Wouldn't guarantee that general! Again stale pressured birds are the norm in December regardless where a guy hunts. Like I've said we got em and use em and they work period.

We can all post piles of kill pics! Lets keep this what it's suppose to be a discussion you even said it in your original post you don't use em. To tell people your birds my birds his birds are less pressured is ridiculous. :beer:


----------



## eye_guysd (Jan 23, 2005)

Thanks for posting the pics field I enjoy seeing pictures which this site used to have on a regular basis but since so many people bash others people quit putting pictures up. So maybe lets not bash somebody when they pictures up. Another thing proof is in the pudding and I believe we just seen some pudding :rollin:

So unless you got pictures of geese shot with a sock spread it appears we were showed what works... and that was what was asked originally.


----------



## shooteminthelips (Jun 13, 2007)

https://www.youtube.com/watch?v=LAXRRwI ... faaoSZsstw


----------



## snogeezmen (May 28, 2012)

eye_guysd said:


> Thanks for posting the pics field I enjoy seeing pictures which this site used to have on a regular basis but since so many people bash others people quit putting pictures up. So maybe lets not bash somebody when they pictures up. Another thing proof is in the pudding and I believe we just seen some pudding :rollin:
> 
> So unless you got pictures of geese shot with a sock spread it appears we were showed what works... and that was what was asked originally.


not bashing the man, NEVER DID I SAY A WORD ABOUT HIM!

I don't feel the need to post pics, if you sir don't believe me then well.......I will go on with my day as planned before :beer:

im simply stating I use socks, I kill geese it gets boring looking at pics of 10, 15 20, birds who the hell cares.
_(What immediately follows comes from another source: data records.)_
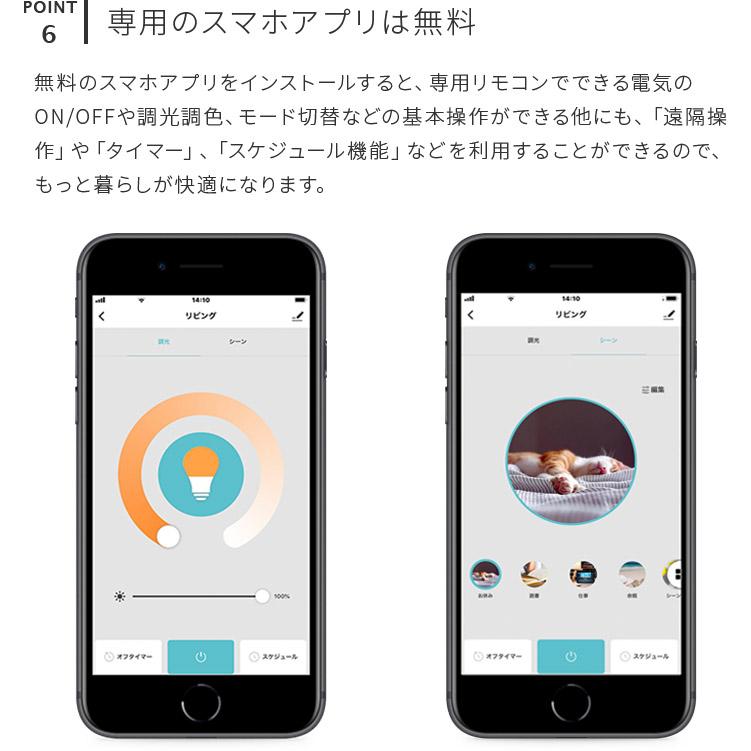 スマートLED電球 4球セット 60w相当 調色調光 E26口金 リモコン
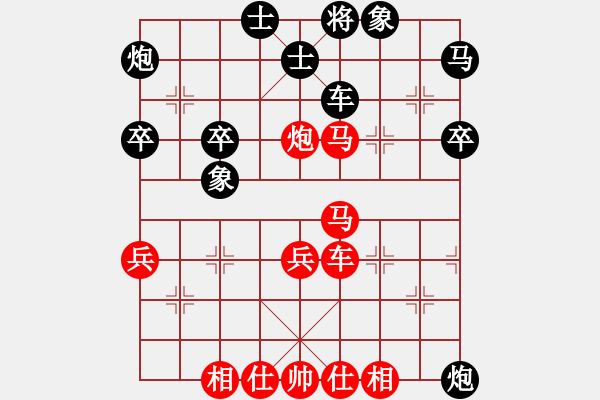 象棋棋譜圖片：港頭院長(zhǎng)(8級(jí))-勝-新劍客是(2段) - 步數(shù)：50 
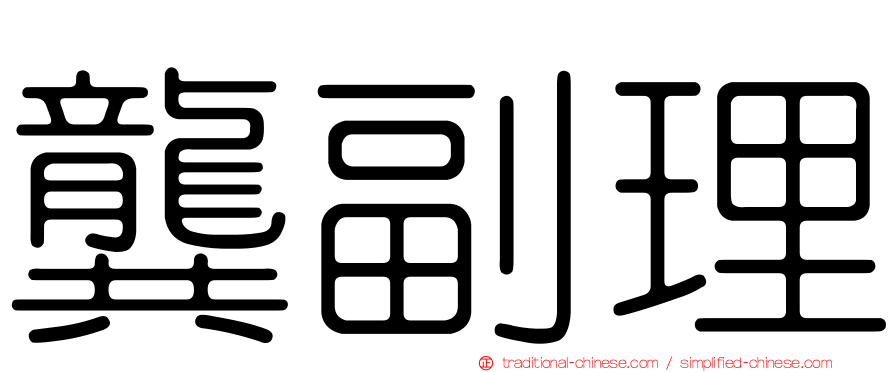 龔副理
I don't know shootem, I have never met the man but I gotta side with him on this...if you don't believe us well don't buy em I don't know what else to tell you


----------



## Gunny (Aug 18, 2005)

shooteminthelips said:


> https://www.youtube.com/watch?v=LAXRRwIHkw0&list=UUOlJqm9-yKwULfaaoSZsstw


Well... there's your "pudding"...

There may be equally pressured birds in the States... but there are no birds, that are pressured more then Rochester MN birds.

I like FB decoys. Why do I like 'em...? Because I have had success with them... but to say that socks are inferior is ludicrous. I bet the guys from White Rock or Sillosocks can post picks and video of impressive limits taken as well.

Shoot...I know guys limiting out using nothing but black and whites.

Location.

Hide.

Not screwing up...

These are the most important aspects of killing birds on a consistent basis.

By the way fieldgeneral. I like looking at piles of birds from a successful hunt. Way to get on 'em. It seems you know what you are doing. Keep piling 'em up. Some of those hunts look like they would've been a blast... (pun intended...)

:thumb:


----------